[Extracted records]

*** Block opens ***

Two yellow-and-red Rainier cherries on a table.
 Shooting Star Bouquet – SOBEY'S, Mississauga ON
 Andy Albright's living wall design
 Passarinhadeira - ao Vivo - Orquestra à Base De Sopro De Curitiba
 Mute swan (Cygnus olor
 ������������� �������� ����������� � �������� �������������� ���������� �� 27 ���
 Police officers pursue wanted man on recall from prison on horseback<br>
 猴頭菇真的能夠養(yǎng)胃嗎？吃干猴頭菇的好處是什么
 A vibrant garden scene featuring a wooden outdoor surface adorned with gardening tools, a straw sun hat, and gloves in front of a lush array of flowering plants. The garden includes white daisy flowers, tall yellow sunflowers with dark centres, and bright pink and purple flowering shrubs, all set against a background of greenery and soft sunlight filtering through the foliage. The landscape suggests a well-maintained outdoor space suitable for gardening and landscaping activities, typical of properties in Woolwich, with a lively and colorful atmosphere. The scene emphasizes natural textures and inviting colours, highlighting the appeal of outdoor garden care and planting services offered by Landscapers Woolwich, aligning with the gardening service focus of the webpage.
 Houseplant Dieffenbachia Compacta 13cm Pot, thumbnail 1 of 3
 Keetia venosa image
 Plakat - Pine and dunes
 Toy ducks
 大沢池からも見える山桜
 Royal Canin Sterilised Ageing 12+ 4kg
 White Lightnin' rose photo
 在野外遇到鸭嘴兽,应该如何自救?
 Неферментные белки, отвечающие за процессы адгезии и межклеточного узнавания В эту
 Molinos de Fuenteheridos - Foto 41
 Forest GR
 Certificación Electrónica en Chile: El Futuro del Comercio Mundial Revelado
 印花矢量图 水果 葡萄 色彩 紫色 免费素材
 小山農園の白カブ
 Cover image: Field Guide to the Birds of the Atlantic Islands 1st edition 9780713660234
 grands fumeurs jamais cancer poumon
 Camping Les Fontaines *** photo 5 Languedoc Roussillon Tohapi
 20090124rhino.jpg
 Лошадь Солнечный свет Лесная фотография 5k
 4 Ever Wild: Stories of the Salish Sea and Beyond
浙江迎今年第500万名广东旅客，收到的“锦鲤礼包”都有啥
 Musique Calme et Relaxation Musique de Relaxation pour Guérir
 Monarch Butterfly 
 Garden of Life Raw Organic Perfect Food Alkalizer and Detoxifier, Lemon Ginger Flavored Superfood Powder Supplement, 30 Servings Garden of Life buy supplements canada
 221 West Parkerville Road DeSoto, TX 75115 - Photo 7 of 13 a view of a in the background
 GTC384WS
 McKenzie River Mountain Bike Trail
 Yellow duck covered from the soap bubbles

*** Block closes ***

◆ **Your instructions**: Filter the entries above and keep only the lines with the word "background".

◆ **Answer for this exercise**:
 A vibrant garden scene featuring a wooden outdoor surface adorned with gardening tools, a straw sun hat, and gloves in front of a lush array of flowering plants. The garden includes white daisy flowers, tall yellow sunflowers with dark centres, and bright pink and purple flowering shrubs, all set against a background of greenery and soft sunlight filtering through the foliage. The landscape suggests a well-maintained outdoor space suitable for gardening and landscaping activities, typical of properties in Woolwich, with a lively and colorful atmosphere. The scene emphasizes natural textures and inviting colours, highlighting the appeal of outdoor garden care and planting services offered by Landscapers Woolwich, aligning with the gardening service focus of the webpage.
 221 West Parkerville Road DeSoto, TX 75115 - Photo 7 of 13 a view of a in the background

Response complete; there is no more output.